BEL-AIR Age Appropriate Parents Guide
Let’s take a look at what parents need to know before letting their kids watch Peacock’s Bel-Air.
Language: Bel-Air contains very strong language, with profanity used throughout. Lookout words include: f*ck, sh*t, a**h*le, d*ck, n-word, d*mn, and much more.
Mature Content: The series is a much darker version of the sitcom and includes violent scenes of hand-to-hand combat, guns, shootings, threats of violence, and more. There are also multiple scenes that show characters actively using drugs, sniffing a powder-like substance.
**This review is based on viewing the first three episodes of the series.
Peacock’s Bel-Air is the reimagined reboot of the classic sitcom The Fresh Prince of Bel-Air. Despite the new series not having a catchy tune like its predecessor, it does bring back all the nostaglia and cast of characters we grew to know and love. It starts out set in Philly, where we get a glimpse of Will, played by Jabari Banks, in his hometown and the trouble that he got into, which landed him at his Aunt and Uncle’s home in Bel-Air. Immediately, fans of the original show will recognize this reboot is very different from the show it was based on. This new drama seems much more realistic in terms of what Will went through in Philly, coming to blows with a violent gang, pulling a gun on them, and landing himself in jail.
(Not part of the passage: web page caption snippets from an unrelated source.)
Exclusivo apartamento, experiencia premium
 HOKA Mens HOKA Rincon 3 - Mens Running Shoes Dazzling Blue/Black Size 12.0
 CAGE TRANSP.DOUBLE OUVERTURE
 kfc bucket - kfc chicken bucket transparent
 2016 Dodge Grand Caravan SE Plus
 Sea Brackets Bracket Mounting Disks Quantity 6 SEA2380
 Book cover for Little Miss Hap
Bel-Air maintains the same cast of characters that viewers are familiar with, which allows for an easy transition to the storyline because writers are not forced to deliver any sort of drawn-out backstory. Will strikes up a friendship with his Uber driver, Jazz (Jordan L. Jones), who instead of being thrown out of the Bank‘s home in the first episode, is paid off by “house manager” Geoffrey (Jimmy Akingbola). Of course, the new series gives a more modern take on everything from the clothes to even the butler getting re-named to house manager. And unlike in the original, where Geoffrey plays a more “servant” type role, in Bel-Air he is more of a confidant to Uncle Phil and a genuine part of the family.
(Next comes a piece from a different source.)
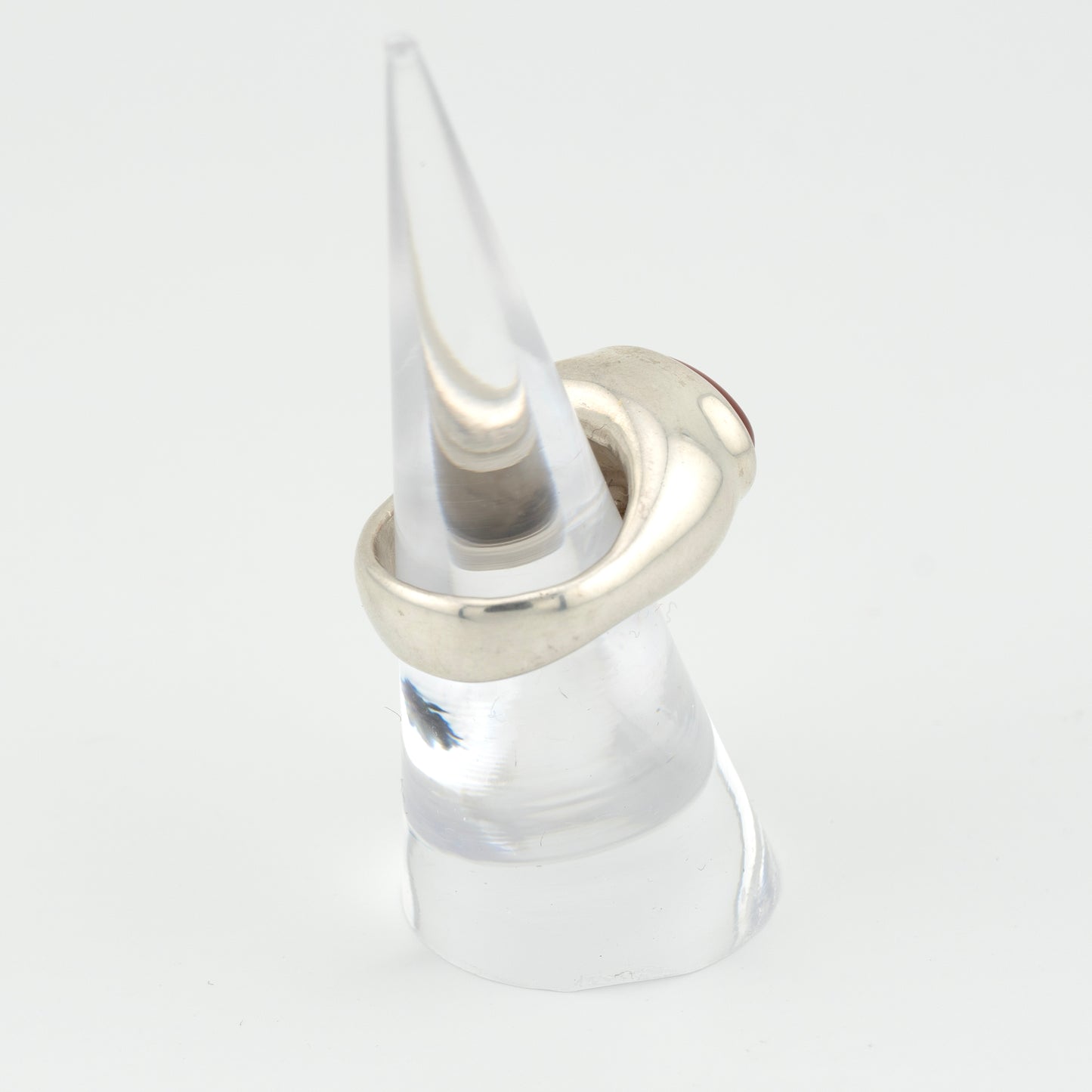 Hidden Face Signet ring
Another noticeable difference in the cast of Bel-Air is Uncle Phil, who not only has a more svelte look, but he also gives off a more serious tone, as he is running for district attorney and used some of his influence to get Will out of jail. However, the most interesting storyline is the relationship between Will and Carlton (Olly Sholotan). No longer Alfonso Ribeiro’s portrayal of Carlton, whose greatest offense in Fresh Prince was his dance moves, this Carlton’s storyline is much darker, as he regularly snorts Xanax and defends his white friends when they use the n-word. Sholotan delivers a stellar performance in the reboot, and tunes into the emotional hurt he feels as he perceives Will replacing him. Other mannerisms and characteristics of Carlton remain, however, such as his over enuciation of words and relative street-wise ignorance.
This author is hooked after watching the first three episodes of the new Bel-Air series. It not only brings back the nostalgia, but gives a more realistic take with more realistic characters than the original. Newcomers unfamiliar with the original will also find much to enjoy here, as this fresh take on the Fresh Prince updates the slang of today’s youth, the music, and the style. Whimisical sitcoms also seem to be taking a step back these days in favor of more realistic drama situations that more closely adhere to what people are actually going through. Things have a tendency to resound with people the more they identify with them, and from the looks of it, Bel-Air will still be echoing for a long while. Let’s just hope the series doesn’t devolve in later episodes/seasons into camp mediocrity.